I shall say it up front: I have a weak spot for optics. I don't necessarily make better pictures for it, but I find it difficult to resist the call of the weird -optical engineer on acid- lens. I also have a weak point for bokeh and love the perspective given by a 100-135mm lens (on 35mm film). So the stars were aligned for the following test.

"Bokeh" a Japanese word (ぼけ) meaning "unsharp" is used to describe the appearance of the parts of a photographic image outside the plane of focus. I am sure you all know about it and how fuzzy elements can be nicely fuzzy or horribly fuzzy. Believe me, there is a whole theory behind it.

Camera lens manufacturers being what they are (that is: Japanese), there have been lenses designed especially for bokeh. For 35mm film or equivalent digital formats, two manufacturers shall be presented here: Nikon with their DC series lenses (that means "Defocus control") and Minolta (today: sold under the Sony brand) with the 135mm STF (that means "smooth trans focus", I swear I am not making this up).

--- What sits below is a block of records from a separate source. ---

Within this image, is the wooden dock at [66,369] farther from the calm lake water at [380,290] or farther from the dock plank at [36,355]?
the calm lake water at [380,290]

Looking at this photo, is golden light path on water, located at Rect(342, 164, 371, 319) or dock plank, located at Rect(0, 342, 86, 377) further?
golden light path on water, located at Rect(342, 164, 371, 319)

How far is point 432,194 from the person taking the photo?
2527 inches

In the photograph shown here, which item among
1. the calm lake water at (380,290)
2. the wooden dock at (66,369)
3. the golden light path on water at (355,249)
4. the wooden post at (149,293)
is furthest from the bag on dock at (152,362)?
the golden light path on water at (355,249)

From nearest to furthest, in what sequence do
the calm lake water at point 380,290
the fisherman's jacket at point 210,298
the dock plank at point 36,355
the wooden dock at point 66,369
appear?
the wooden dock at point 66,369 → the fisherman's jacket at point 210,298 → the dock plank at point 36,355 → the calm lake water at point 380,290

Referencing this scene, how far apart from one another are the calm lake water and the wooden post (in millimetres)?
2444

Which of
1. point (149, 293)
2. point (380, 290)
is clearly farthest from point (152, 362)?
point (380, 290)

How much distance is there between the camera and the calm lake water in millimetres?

Nikon has two "DC" lenses, a 105mm f/2.0 and a 135mm f/2.0. They are AF-D lenses, meaning screw-drive autofocus with a real aperture ring. They should work on most Nikon cameras. They are very well built, mostly metal, but have a real manual focus ring like in the old times. They are supposed to autofocus, but my experience has been that the DC feature fools the AF system wide open, even if you try to refocus. They are very sharp lenses, don't let yourself be fooled by the "defocus" in "DC". The bokeh part: they have a ring to adjust whether you want what is in front or to the rear part of the focal plane to look nicer. Optical engineers will understand that this command fiddles with the spherical aberration of the lens. You will find a review here or here.

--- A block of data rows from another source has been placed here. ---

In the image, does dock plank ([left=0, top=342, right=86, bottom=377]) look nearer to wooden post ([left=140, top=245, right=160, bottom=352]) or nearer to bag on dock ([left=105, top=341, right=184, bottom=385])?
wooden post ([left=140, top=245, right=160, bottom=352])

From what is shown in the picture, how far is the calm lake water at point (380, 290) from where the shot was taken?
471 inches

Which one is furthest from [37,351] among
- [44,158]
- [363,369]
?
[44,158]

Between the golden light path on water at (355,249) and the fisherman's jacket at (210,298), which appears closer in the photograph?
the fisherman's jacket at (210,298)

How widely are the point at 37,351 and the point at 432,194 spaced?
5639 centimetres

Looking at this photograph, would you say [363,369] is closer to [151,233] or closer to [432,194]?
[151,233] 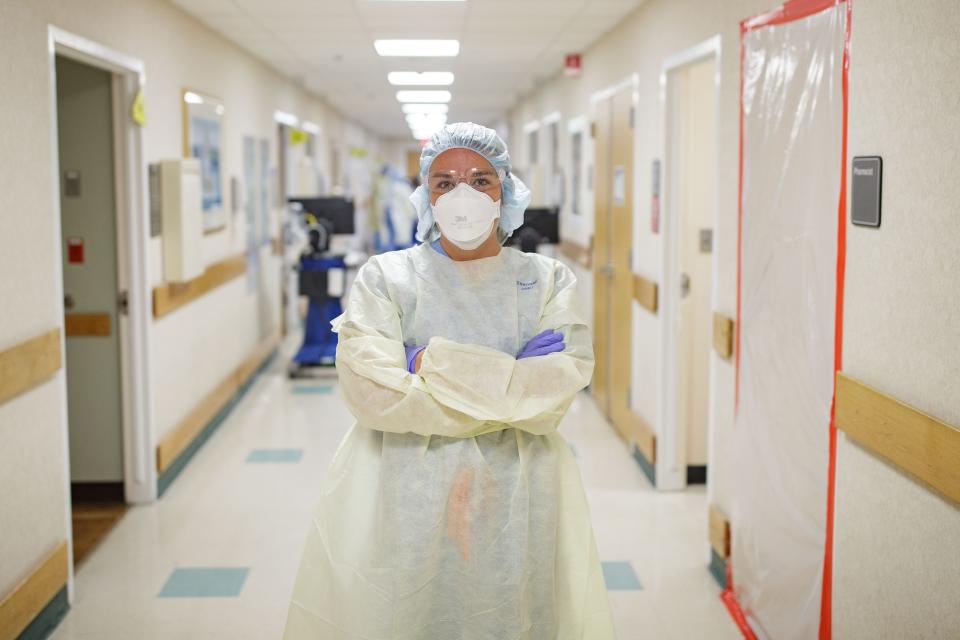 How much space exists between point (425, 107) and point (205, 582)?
10.3 m

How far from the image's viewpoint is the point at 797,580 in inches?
114

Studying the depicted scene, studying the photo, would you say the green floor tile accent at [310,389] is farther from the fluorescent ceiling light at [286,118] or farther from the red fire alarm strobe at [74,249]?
the red fire alarm strobe at [74,249]

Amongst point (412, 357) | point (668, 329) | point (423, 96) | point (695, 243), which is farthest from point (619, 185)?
Result: point (423, 96)

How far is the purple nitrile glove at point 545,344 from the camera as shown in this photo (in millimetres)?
2221

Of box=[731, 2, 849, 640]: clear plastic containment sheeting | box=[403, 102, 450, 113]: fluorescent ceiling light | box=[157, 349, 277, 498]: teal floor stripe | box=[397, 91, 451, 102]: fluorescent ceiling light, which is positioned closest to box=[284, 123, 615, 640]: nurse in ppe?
box=[731, 2, 849, 640]: clear plastic containment sheeting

Minolta issued a special bokeh lens in 1999, the 135mm STF. It is one weird piece of engineering: it won't AF (but has a manual focus ring better than the ones we had in the old times), has two diaphragms (only one is used at a time), one with a wealth of blades for the bokeh thing and confuses you with two set of apertures: T and F stops. It has the transmission of a f/4.5 lens with the depth of field of a f/2.8 lens (in plain English it is dark). It does not fiddle with aberrations as Nikon does, but uses an apodization element (which is a fancy word to describe a lens dark on the outside). There is a whole site devoted to it here. It is also a very sharp lens in its plane of focus, of course.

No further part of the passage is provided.